Ao fundo do palco, uma casa de pés de madeira altos, aparentemente frágil, onde cabem tecidos, portas, instrumentos musicais. Cá em baixo, nas duas laterais, os intérpretes perfilam-se, antes de iniciarem um desfile estranho, um movimento que depressa denuncia que estas figuras não são bem humanas, movem-se de outra maneira, mais próxima dos abutres. O som é encantatório, que sugere vida sem velocidade, uma quase-dança que só aqui existe.

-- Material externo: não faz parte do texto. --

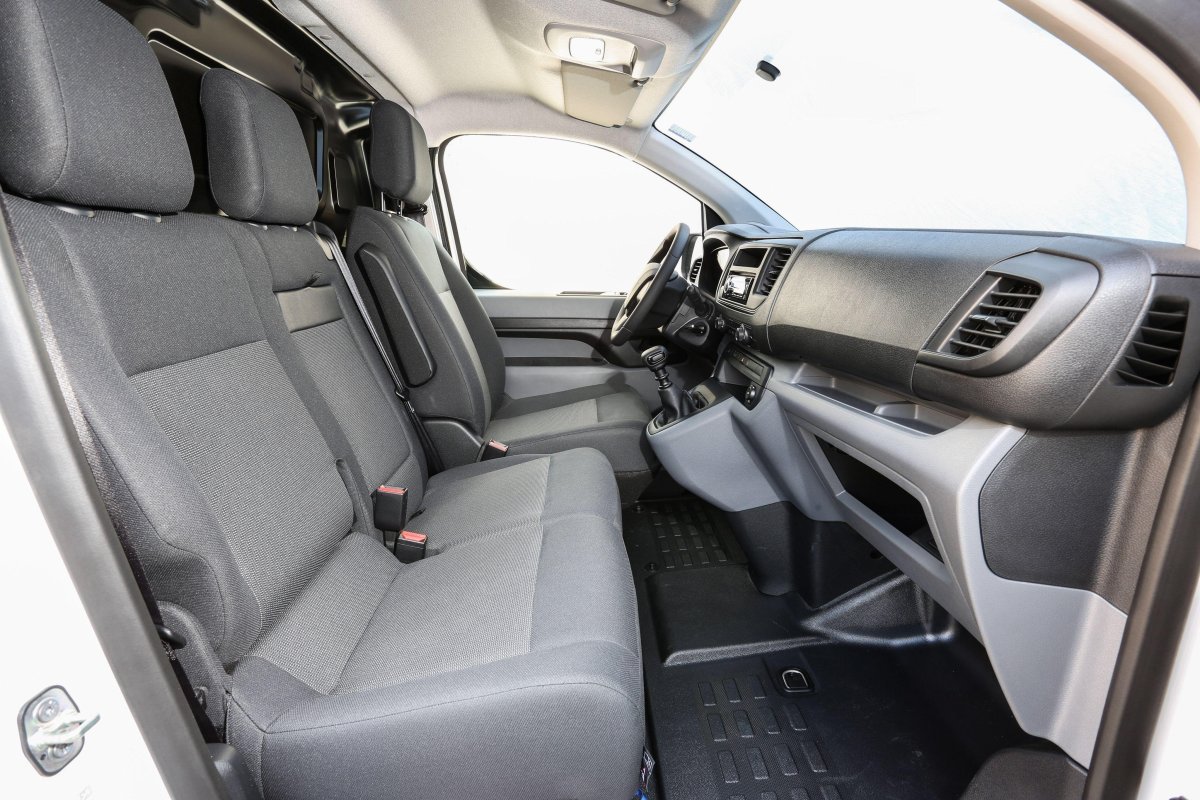 Peugeot Expert 2 салон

Estamos, afinal de contas, num novo território criado pelo Teatro Griot, estamos n’O Riso dos Necrófagos, título do novo espectáculo da companhia (que está em cena na Culturgest de terça a sexta, às 20h), que gerou um programa que ultrapassa o palco e que se compõe por uma conversa online entre Zia Soares e Raquel Lima, investigadora de estudos pós-coloniais chamada Que Ritual Entre a Vida e a Morte? E ainda Utopia Machim — Resistência no Lugar dos Tempos, a decorrer dia 27 de Abril, às 18h30, na Culturgest, com moderação e intervenção de Beatriz Gomes Dias (professora e deputada no Assembleia da República eleita pelo Bloco de Esquerda, bem como candidata do mesmo partido à Câmara Municipal de Lisboa para as próximas eleições autárquicas), Inocência da Mata (professora e investigadora são-tomense do Centro de Estudos Comparatistas da Faculdade de Letras da Universidade de Lisboa), Miguel de Barros (sociólogo guineense e membro do Conselho para o Desenvolvimento da Investigação em Ciências Sociais em África) e António Pinto Ribeiro (investigador e programador cultural, que tem seguido o trabalho do Griot desde o início).
A mais recente criação do Griot — com direcção de Zia Soares — serve-se, como ponto de partida, da Guerra da Trindade (também conhecida por Massacre de Batepá), um conflito que decorreu em 1953 em São Tomé e Príncipe e que culminou com o assassinato de um número ainda hoje incerto de cidadãos locais — aponta-se por volta de 500 pessoas — ainda antes do deflagrar concreto da Guerra Colonial. Os corpos foram jogados ao mar ou depositados em valas comuns, tudo porque alguns forros (grupo etnocultural dominante nas ilhas de São Tomé e Príncipe) se recusaram a trabalhar nas roças de cacau e de café. Atualmente, a 3 de fevereiro, é feriado nacional em São Tomé e Príncipe, dia de celebração ritualística, uma espécie de trajeto onde os vivos homenageiam os mortos.